Herr Al-Wazir, wir haben von Ihnen gehört, dass es keine Vorfestlegungen geben soll. Andererseits haben Sie zur Begründung Ihres Antrags eine Fülle von konkreten politischen Forderungen und Festlegungen in den Raum gestellt.Das ist Ihr gutes Recht,aber erlauben Sie mir durchaus die kritische Bemerkung:Verdient es das Thema Verfassung des Landes Hessen, dass hier und heute ein Wettlauf der Parteien inszeniert werden soll, ein Wettlauf, wer zuerst das Thema, dass uns alle angeht und uns seit vielen Jahren intensiv bewegt, in den Hessischen Landtag einbringt? Musste es sein, dass eine Fraktion sich zum parlamentarischen Vorreiter aufgespielt hat? Ist es nicht auch im Hinblick auf unsere Verfassung, um deren Bestand, deren Aussagefähigkeit und deren Aktualität es schließlich geht, eine der vornehmsten Aufgaben aller Fraktionen in diesem Parlament, diese Diskussion gemeinsam anzustoßen?

(Beifall bei der CDU)

Wäre es nicht besser gewesen, wenn man die für mich selbstverständliche Großmütigkeit gehabt hätte, in fraktionsübergreifendem Konsens die Initiative zur Bildung einer Enquetekommission zu starten? Ich meine: Ja. Meine Fraktion hofft, dass wir am Ende dieses Tagesordnungspunktes wieder zu diesem fraktionsübergreifenden Konsens zur gemeinsamen Einsetzung einer Enquetekommission kommen. Es geht um eine sachliche und ergebnisoffene Diskussion, wie wir mit dem Thema in der Enquete umgehen.

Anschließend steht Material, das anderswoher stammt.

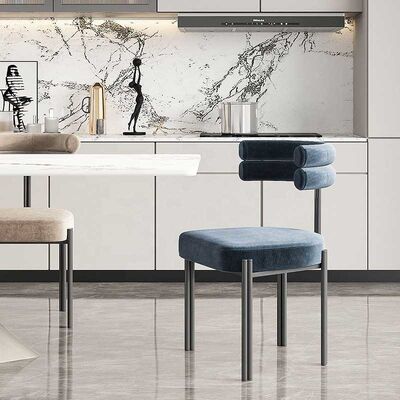 お買い得 イタリアの簡単な半分アークの肘掛け椅子の椅子を食事する家の余暇交渉 オンライン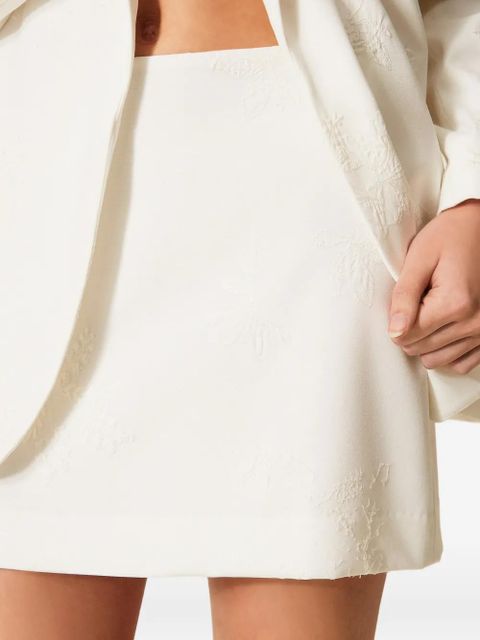 TWINSET embroidered mini skirt - White
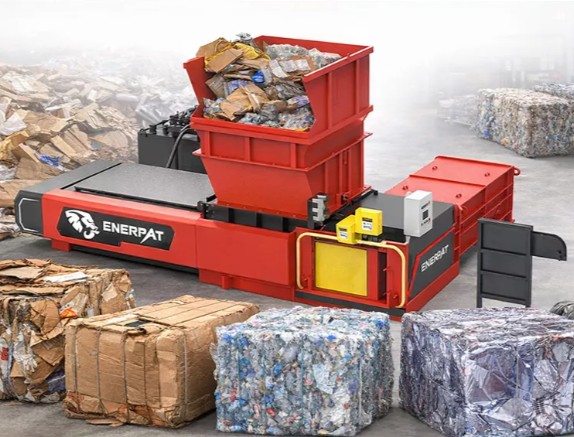 Enerpat, Automatic Two Ram Baler, 62" L x 46.46" width x 30.71" H bale, 74 HP - Image 2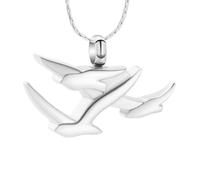 DOTUIARG Cremation Jewelry for Ashes Memorial Ash Holder Keepsake Stainless Steel Urn Necklace Pendant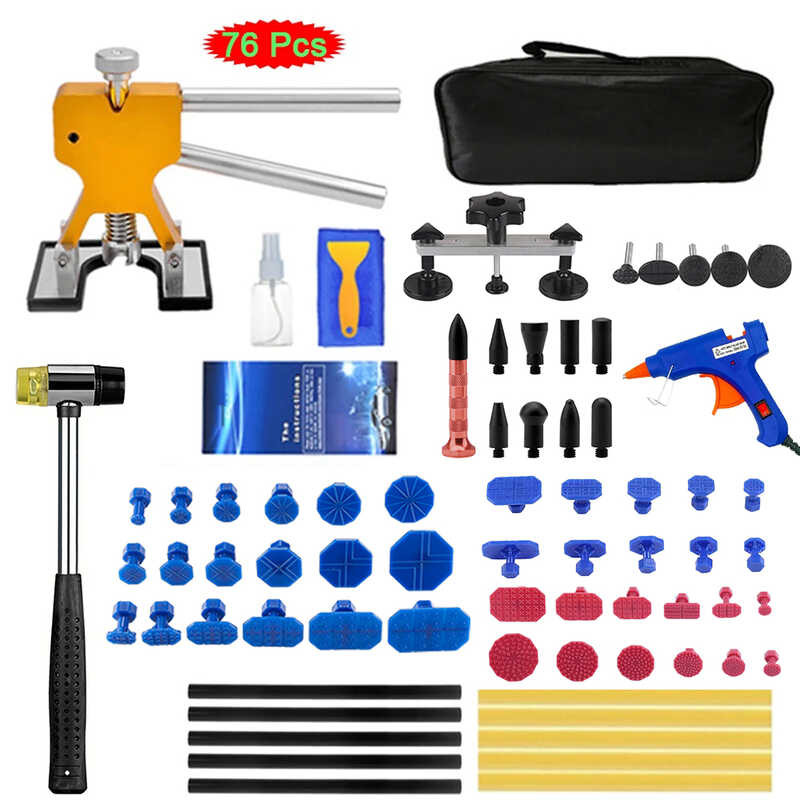 Dent Φ Auto Repair Tools Dent Repair Kit Automotive Paintless Car Body ...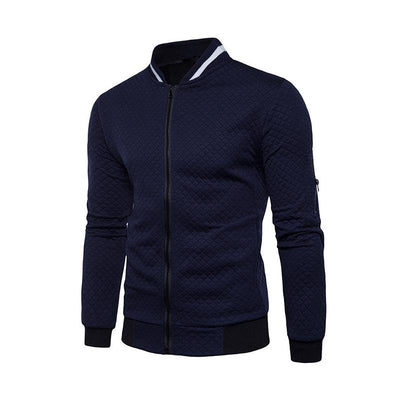 Men's Classic Casual Plaid Sports Zipper Multi-Pocket Jacket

Lassen Sie mich – vielleicht auch ein wenig zum Nachdenken für jeden hier im Saal – für ein paar Minuten mit der Frage auseinander setzen:Was wollen wir ändern? An was wagen wir uns heran? Deshalb sollten wir uns ein wenig mit der Geschichte unserer Verfassung beschäftigen.

Die Verfassung des Landes Hessen trat nach einem Volksentscheid am 1. Dezember 1946 in Kraft und wurde am 11. Dezember 1946 durch den damaligen ersten Ministerpräsidenten des Landes Hessen, Herrn Prof. Dr. Karl Seiler, verkündet. Sie ist damit die älteste Verfassung in der Bundesrepublik Deutschland, die noch heute in Kraft ist.

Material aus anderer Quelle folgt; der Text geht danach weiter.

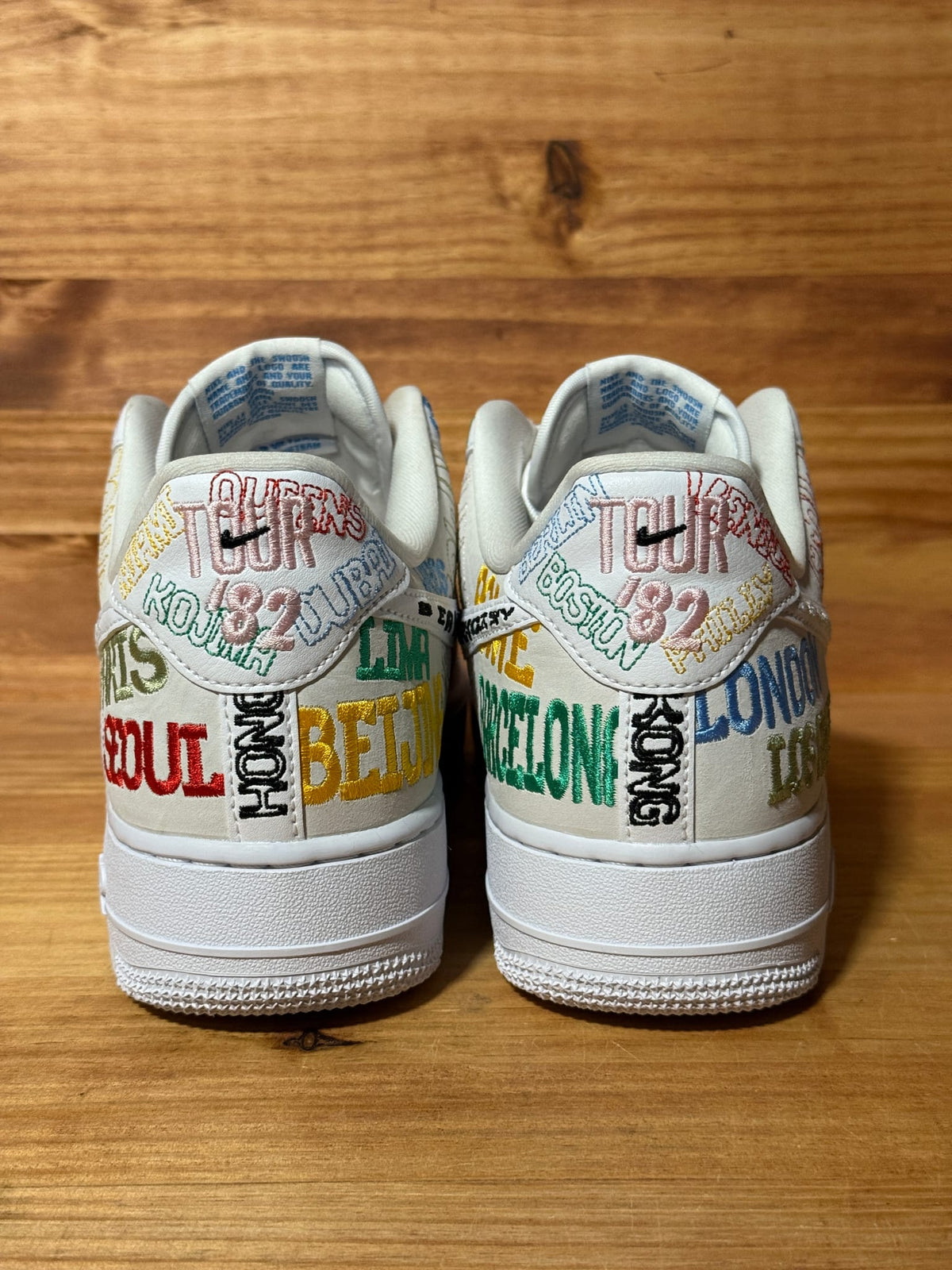 Nike Air Force 1 Low World Tour White - Size 11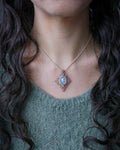 Collana Artemisia con Labradorite Bianca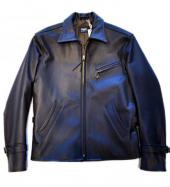 SINGLE LEATHER JKT *ダークブラウン*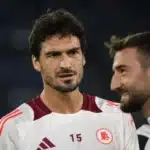 Hummels con la maglia della Roma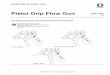 Pistol Grip Flow Gun - · PDF fileInstructions-Parts List Pistol Grip Flow Gun For dispensing ambient temperature sealants and adhesives. Important Safety Instructions Read all warnings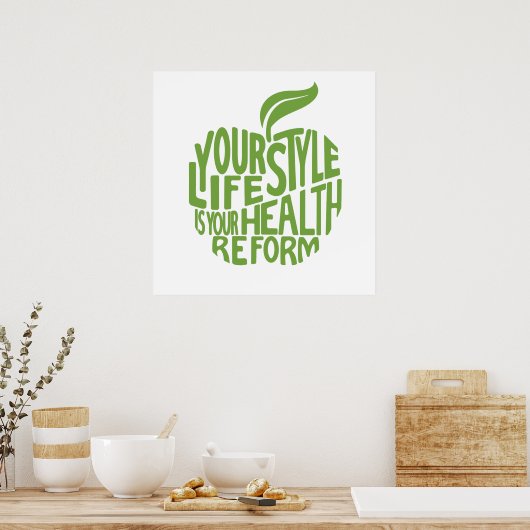 Poster Conception des devis de santé. (Cuisine)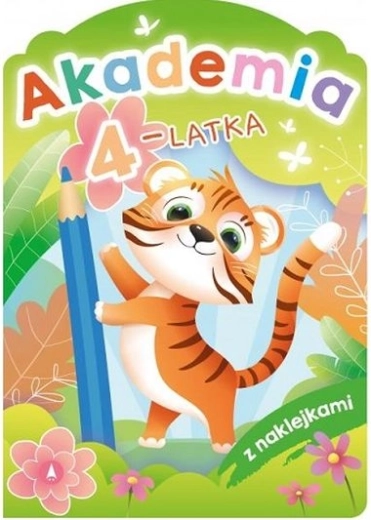 Akademia 4letého dítěte – vzdělávací knížka se samolepkami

Wenn man unsere Hessische Verfassung in ihrer Komplexität, aber auch in ihrer zeitbezogenen Statik und teilweise heute auch inaktuellen Festlegung verstehen will, muss man sich in den historischen Zusammenhang ihrer Entstehung versetzen. Die Erinnerung an einen von Deutschen begonnen Krieg, der 30 Millionen Menschen das Leben kostete, die Erinnerung an die nationalsozialistische Gewaltherrschaft, die über 6 Millionen Juden ermordete, ein zerbombtes Land, allgegenwärtige Kriegsfolgen und eine unklare wirtschaftliche wie politische

Entwicklung, aber auch der Wille zum demokratischen Neuanfang bildeten damals die politische Wirklichkeit. Unsere Verfassung ist schon allein deswegen – bei allen Unzulänglichkeiten, über die wir aktuell diskutieren – noch heute ein lebendiges Beispiel deutscher und demokratischer Geschichte.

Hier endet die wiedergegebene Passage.